One of "keyword", "series", "contributor", "tone", "type" or "blog". Defaults to NULL and does not filter by tag type.

section

Return only tags of a given section.

references

Return only tags with those references

reference_type

Return only tags with those reference types.

show_references

Show associated reference data such as ISBNs. Defaults to "all" and shows all available references. Accepts character vectors of one or more references (see details for options).

...

Use to pass any other parameters to the API. See the docs for a full list of options.

verbose

Prints messages to console.

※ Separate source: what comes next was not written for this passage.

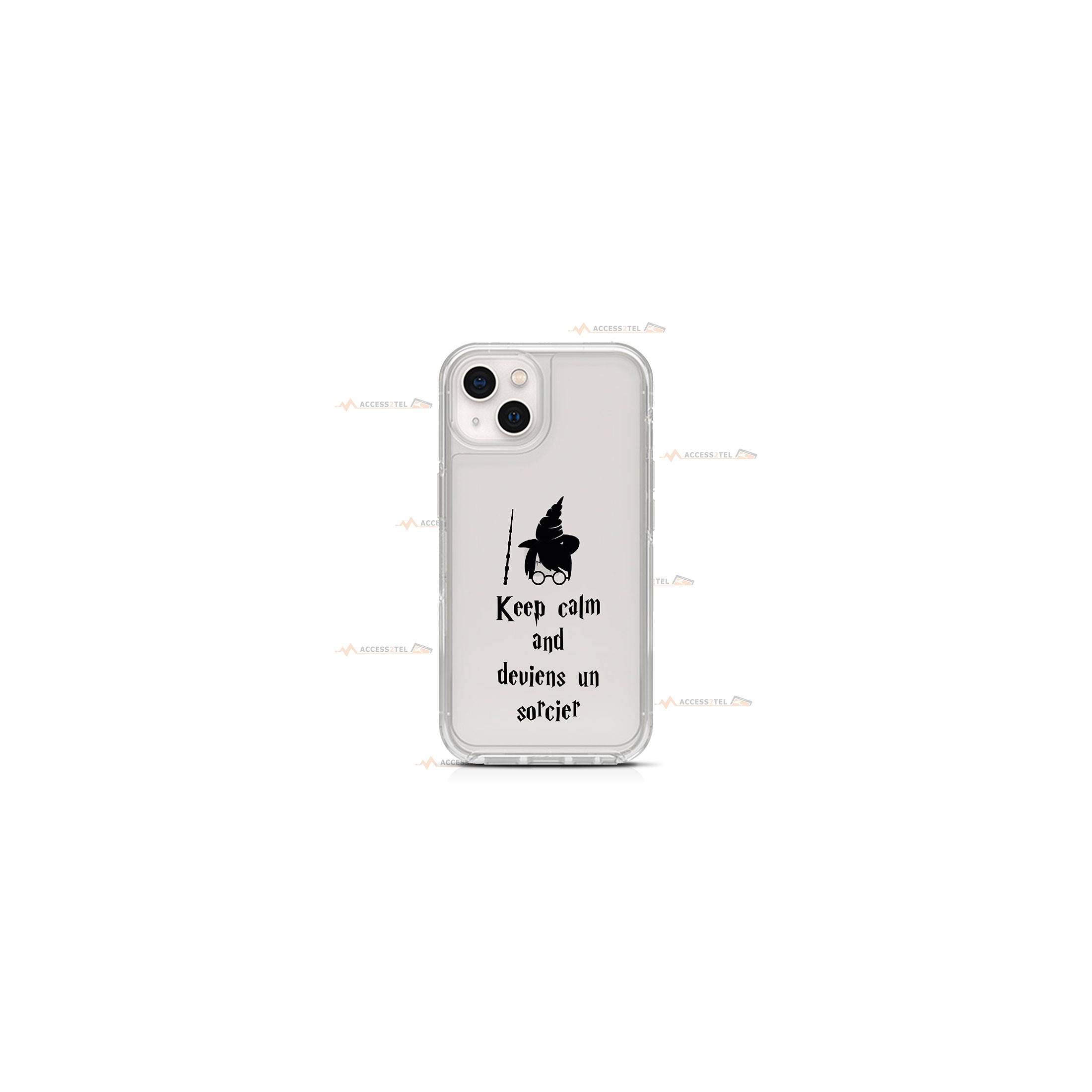 coque de téléphone transparente avec un sorcier et le texte "keep calm and deviens un sorcier"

Defaults to TRUE.

tidy

Convert variable names to snake_case, remove some "<NA>" strings. Defaults to TRUE.

tidy_style

Style to variable names with.

Value

A tibble with details on tags.

References options

The following are the options for the show_references parameter:

  • "all" Includes all the fields (default)

  • "author"

  • "bisac-prefix"

  • "esa-cricket-match"

  • "esa-football-match"

  • "esa-football-team"

  • "esa-football-tournament"

  • "isbn"

  • "imdb"

  • "musicbrainz"

  • "musicbrainzgenre"

  • "opta-cricket-match"

  • "opta-football-match"

  • "opta-football-team"

  • "opta-football-tournament"

  • "pa-football-competition"

  • "pa-football-match"

  • "pa-football-team"

  • "r1-film"

  • "reuters-index-ric"

  • "reuters-stock-ric"

  • "witness-assignment"

Examples

## Not run: 
# Return all tags containing "apple"
apple1 <- gu_tags(query = "apple")

# Return all tags containing "apple" in the technology section
apple2 <- gu_tags(query = "apple", section = "technology")

# Return all contributor tags in the life and style section
tag_sec_type <- gu_tags(section = "lifeandstyle", tag_type = "contributor")

## End(Not run)

Tge guardianapi package

Description

Access to 'The Guardian' open API https://open-platform.theguardian.com/, containing all articles, video and images published in the 'Guardian' from 1999 to the present. Users must register and use an API key, which can be saved with the gu_api_key() function, or as the GU_API_KEY environmental variable. Free users can make up to 5,000 calls per day and 12 calls per second, and access all article text and associated metadata. Images and video require a commercial subscription.